Provided material >>
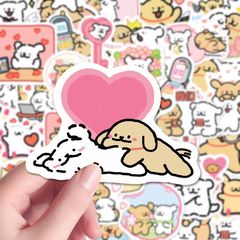 160张爱与小狗贴纸可爱卡通线条小狗热恋期情侣创意diy装饰贴纸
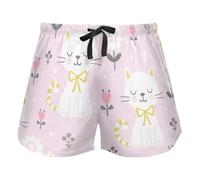FRODOTGV Carino Cat Pajama Bottoms Womens Lounge Shorts for Workout Gym Running,S
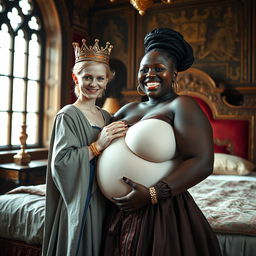 In a brightly lit medieval palace bedroom, a striking scene unfolds on a grand bed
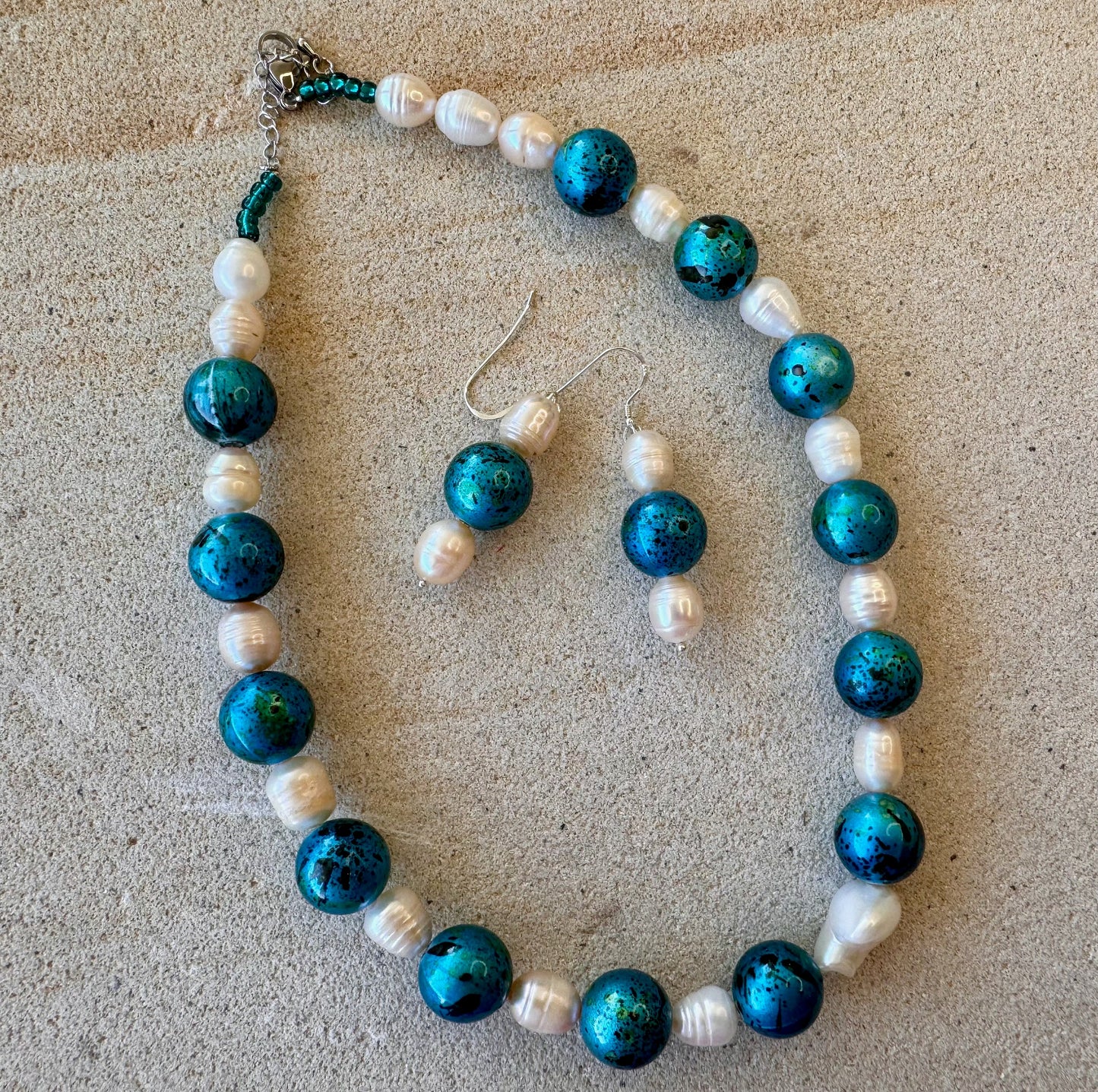 Blue Green Resin Beads with Pearls Beaded Jewellery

Action item >> Reproduce the entire listing above precisely, but keep the images out.

Solution to the exercise >>
 160张爱与小狗贴纸可爱卡通线条小狗热恋期情侣创意diy装饰贴纸
FRODOTGV Carino Cat Pajama Bottoms Womens Lounge Shorts for Workout Gym Running,S
 In a brightly lit medieval palace bedroom, a striking scene unfolds on a grand bed
 Blue Green Resin Beads with Pearls Beaded Jewellery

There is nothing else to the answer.